As a symbol of the state of the hedge fund industry, the humbling of these financial gods couldn’t be more apt. Hedge funds may have gotten too big for their yachts, for their market, and for their own possibilities for success. After a decade as rock stars, hedge fund managers seem to be fading just as quickly as musicians do. Each day brings disappointing headlines about the returns generated by formerly highflying funds, from Paulson, whose Advantage Plus fund is up 3.4 percent this year, after losing 19 percent in 2012 and 51 percent in 2011, to Bridgewater Associates, the largest in the world.

This reversal of fortunes comes at a time when one of the most successful traders of his time, Steven Cohen, founder of the $15 billion hedge fund firm SAC Capital Advisors, is at the center of a government investigation into insider trading. Two SAC portfolio managers, one current and one former, face criminal trials in November, and further charges from the Department of Justice and the SEC could come at any moment.
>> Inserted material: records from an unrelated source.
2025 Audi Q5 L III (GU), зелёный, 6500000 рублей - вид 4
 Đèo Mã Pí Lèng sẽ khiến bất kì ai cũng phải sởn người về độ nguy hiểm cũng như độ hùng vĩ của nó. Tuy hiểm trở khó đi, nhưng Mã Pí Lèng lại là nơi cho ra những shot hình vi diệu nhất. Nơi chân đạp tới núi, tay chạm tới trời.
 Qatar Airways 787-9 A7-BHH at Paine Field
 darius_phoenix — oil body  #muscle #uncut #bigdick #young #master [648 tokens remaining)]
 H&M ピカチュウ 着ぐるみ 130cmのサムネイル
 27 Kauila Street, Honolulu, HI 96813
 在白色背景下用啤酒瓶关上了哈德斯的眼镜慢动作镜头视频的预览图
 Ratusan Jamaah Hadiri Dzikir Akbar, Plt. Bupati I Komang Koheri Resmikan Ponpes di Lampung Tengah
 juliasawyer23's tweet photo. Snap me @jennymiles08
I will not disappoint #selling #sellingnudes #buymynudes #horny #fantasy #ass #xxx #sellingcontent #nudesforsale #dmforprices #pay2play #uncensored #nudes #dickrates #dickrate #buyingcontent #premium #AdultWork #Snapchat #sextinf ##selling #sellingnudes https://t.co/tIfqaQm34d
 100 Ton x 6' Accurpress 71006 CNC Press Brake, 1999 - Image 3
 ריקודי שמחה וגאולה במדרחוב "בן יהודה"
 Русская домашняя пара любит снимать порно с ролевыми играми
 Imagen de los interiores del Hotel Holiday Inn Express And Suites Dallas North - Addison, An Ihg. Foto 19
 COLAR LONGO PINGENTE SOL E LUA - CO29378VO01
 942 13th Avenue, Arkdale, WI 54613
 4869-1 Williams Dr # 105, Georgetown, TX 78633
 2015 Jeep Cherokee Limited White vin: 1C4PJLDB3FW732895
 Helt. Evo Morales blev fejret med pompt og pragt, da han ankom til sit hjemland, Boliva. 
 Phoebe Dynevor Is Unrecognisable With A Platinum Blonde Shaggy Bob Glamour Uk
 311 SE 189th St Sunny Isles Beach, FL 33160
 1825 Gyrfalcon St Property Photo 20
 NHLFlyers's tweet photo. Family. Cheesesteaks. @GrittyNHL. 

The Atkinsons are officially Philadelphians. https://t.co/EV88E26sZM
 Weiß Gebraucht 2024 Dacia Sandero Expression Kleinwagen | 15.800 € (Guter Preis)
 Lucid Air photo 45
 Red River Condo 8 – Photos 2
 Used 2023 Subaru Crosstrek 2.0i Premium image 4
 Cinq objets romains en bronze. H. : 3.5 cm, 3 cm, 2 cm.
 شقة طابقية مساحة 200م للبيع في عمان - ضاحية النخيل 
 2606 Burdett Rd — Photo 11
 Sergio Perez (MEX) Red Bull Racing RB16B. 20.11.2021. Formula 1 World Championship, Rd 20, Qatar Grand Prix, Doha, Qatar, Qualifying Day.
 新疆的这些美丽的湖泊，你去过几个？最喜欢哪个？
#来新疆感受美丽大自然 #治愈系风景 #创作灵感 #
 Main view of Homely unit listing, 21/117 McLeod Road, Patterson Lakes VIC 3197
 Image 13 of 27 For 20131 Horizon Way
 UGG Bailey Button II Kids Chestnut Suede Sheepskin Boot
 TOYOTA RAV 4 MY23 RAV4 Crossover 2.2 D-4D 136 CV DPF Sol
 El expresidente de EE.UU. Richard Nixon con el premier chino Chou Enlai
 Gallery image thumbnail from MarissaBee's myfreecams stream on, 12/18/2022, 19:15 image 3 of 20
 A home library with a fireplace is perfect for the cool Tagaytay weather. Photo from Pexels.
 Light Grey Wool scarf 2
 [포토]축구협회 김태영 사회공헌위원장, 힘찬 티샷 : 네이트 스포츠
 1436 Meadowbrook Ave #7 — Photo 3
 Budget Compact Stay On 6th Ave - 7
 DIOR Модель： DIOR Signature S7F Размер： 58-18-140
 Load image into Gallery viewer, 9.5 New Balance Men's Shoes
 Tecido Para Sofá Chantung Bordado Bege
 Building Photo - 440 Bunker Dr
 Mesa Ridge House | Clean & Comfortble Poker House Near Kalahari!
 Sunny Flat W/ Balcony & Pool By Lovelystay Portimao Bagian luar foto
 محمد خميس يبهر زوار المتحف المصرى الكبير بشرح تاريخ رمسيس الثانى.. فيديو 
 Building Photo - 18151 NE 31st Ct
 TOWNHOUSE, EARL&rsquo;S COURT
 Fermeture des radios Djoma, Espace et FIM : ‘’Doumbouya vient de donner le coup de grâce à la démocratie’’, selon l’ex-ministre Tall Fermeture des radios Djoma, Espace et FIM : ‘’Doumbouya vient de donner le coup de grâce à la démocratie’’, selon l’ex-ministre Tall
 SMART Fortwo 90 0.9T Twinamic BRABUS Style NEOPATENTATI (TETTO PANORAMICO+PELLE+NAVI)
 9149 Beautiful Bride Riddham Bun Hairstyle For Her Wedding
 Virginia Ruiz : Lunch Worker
The Federal Bureau of Investigation continues to probe the company, and the government is weighing criminal and civil actions against SAC and Cohen. Cohen has not been charged and denies any wrongdoing, but the industry is on high alert for the possible downfall of one of its towering figures.

Despite all the speculation and the loss of billions in investor capital, Cohen’s flagship hedge fund managed to be the most profitable in the world in 2012, making $789.5 million in the first 10 months of the year, according to Bloomberg Markets. His competitors haven’t fared as well. One thing hedge funds are supposed to do—generate “alpha,” a macho term for risk-adjusted returns that surpass the overall market because of the skill of the investor—is slipping further out of reach.

According to a report by Goldman Sachs released in May, hedge fund performance lagged the Standard & Poor’s 500-stock index by approximately 10 percentage points this year, although most fund managers still charged enormous fees in exchange for access to their brilliance. As of the end of June, hedge funds had gained just 1.4 percent for 2013 and have fallen behind the MSCI All Country World Index for five of the past seven years, according to data compiled by Bloomberg. This comes as the SEC passed a rule that will allow hedge funds to advertise to the public for the first time in 80 years, prompting a flurry of joke marketing slogans to appear on Twitter, such as “Creating alpha since, well, mostly never” (Barry Ritholtz) and “Leave The Frontrunning To Us!” (@IvanTheK).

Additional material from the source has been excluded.